Over the past 20 years, synthetic biologists have been trying to build biological circuits in living cells to enact specific behaviors such as Boolean logic gates, signal filters, oscillators, state machines, sensors, and genetic controllers. The circuits have been built bottom-up from scratch by connecting genetic “parts” with certain commutating logics. However, these achievements have largely been confined to a few model organisms like Escherichia coli and Saccharomyces cerevisiae. Transferring these genetic parts to non-model organisms is challenging due to host-specific gene expression mechanisms, metabolism, and varying DNA vectors. Thus, developing universal genetic circuits that can operate robustly and predictably across multiple organisms is crucial. The ideal universal genetic circuit should be insulated from the host environment, including extracellular, cellular, and genetic contexts.

 

Recently, a collaborative team from the Ouyang and Qian lab at Peking University and the Lou lab at Chinese Academy of Sciences published an article "Functional predictability of universal gene circuits in diverse microbial hosts" in the journal Quantitative Biology. By developing a quantitative framework to explore the universality and reliability of biological parts in non-model organisms, the team characterized universal genetic parts, namely, the T7 RNA polymerase activation module and a set of transcriptional repression modules, in four microbial hosts including StreptomycesCorynebacterium glutamicumPseudomonas putida, and Escherichia coli.
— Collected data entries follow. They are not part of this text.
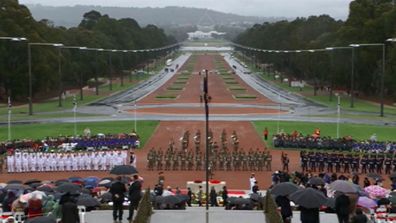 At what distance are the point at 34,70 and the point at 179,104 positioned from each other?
1761cm

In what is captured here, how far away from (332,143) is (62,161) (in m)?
18.6

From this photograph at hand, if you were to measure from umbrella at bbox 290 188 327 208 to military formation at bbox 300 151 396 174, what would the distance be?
18.1 meters

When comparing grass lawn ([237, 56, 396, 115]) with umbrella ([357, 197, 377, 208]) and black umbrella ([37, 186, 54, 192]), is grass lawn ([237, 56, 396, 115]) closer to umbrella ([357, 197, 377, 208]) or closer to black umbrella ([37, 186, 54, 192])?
umbrella ([357, 197, 377, 208])

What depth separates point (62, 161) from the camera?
3984 centimetres

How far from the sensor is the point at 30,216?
68.6ft

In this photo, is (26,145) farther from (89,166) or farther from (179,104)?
(179,104)

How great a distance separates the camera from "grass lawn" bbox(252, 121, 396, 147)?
53.3 m

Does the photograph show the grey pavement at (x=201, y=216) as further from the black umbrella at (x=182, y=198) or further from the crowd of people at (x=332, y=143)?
the crowd of people at (x=332, y=143)

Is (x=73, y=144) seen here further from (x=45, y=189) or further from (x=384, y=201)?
(x=384, y=201)

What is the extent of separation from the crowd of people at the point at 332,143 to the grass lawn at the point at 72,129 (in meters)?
10.8

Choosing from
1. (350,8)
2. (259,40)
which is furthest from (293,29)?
(350,8)

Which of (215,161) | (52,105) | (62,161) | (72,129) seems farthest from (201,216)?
(52,105)

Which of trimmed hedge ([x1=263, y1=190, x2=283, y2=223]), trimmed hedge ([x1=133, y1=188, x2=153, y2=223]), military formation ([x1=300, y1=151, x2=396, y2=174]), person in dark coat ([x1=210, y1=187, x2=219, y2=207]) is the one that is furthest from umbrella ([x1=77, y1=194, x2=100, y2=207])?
military formation ([x1=300, y1=151, x2=396, y2=174])

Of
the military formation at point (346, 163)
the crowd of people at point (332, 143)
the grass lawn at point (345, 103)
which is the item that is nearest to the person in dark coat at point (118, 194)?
the military formation at point (346, 163) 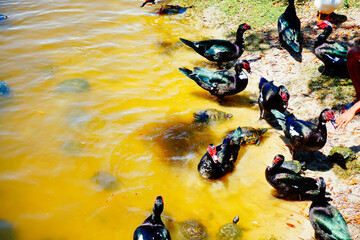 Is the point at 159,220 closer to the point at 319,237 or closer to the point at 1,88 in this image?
the point at 319,237

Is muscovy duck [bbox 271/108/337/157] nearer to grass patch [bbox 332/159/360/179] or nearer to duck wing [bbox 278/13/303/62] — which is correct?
grass patch [bbox 332/159/360/179]

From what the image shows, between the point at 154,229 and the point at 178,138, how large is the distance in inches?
97.4

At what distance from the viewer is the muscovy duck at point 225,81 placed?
7516 mm

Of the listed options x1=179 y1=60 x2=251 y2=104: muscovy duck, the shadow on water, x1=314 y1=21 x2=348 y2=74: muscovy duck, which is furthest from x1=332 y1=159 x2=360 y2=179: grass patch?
x1=179 y1=60 x2=251 y2=104: muscovy duck

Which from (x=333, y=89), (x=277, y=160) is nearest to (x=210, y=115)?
(x=277, y=160)

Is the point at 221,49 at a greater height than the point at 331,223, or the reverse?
the point at 221,49

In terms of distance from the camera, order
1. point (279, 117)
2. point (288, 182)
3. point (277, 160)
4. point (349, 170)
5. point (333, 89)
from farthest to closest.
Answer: point (333, 89) < point (279, 117) < point (349, 170) < point (277, 160) < point (288, 182)

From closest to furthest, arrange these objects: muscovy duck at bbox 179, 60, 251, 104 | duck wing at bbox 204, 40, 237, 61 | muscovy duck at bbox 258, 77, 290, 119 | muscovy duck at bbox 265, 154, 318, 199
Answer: muscovy duck at bbox 265, 154, 318, 199 < muscovy duck at bbox 258, 77, 290, 119 < muscovy duck at bbox 179, 60, 251, 104 < duck wing at bbox 204, 40, 237, 61

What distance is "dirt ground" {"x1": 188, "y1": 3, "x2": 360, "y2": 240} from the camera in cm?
507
Based on the excellent universality of these parts, the functional predictability of the genetic circuits was rigorously demonstrated.

 

Figure 1 illustrates the bottom-up design pipeline of genetic circuits across diverse species. It starts with the standardization of transcriptional regulatory elements originated from bacteria and bacteriophages, benchmarking these elements with single reaction models to ensure they perform consistently across host organisms. Following this, parts are characterized combinatorically and parameterized through detailed modeling. Key parameters defining the behavior of these parts are extracted from measurements and categorized as intrinsic or host-specific. Finally, standardized parts are combined into complex circuits and combinatorial modeling and simulations are used to predict circuit behavior in different host organisms. “These findings pave the way to predictably design and tune a universal genetic circuit with complex functions”, as wrote by Prof. Baojun Wang from Zhejiang University in a commentary published in the same issue, “… and hold vast potential for realizing design automation of universal circuits in diverse hosts.”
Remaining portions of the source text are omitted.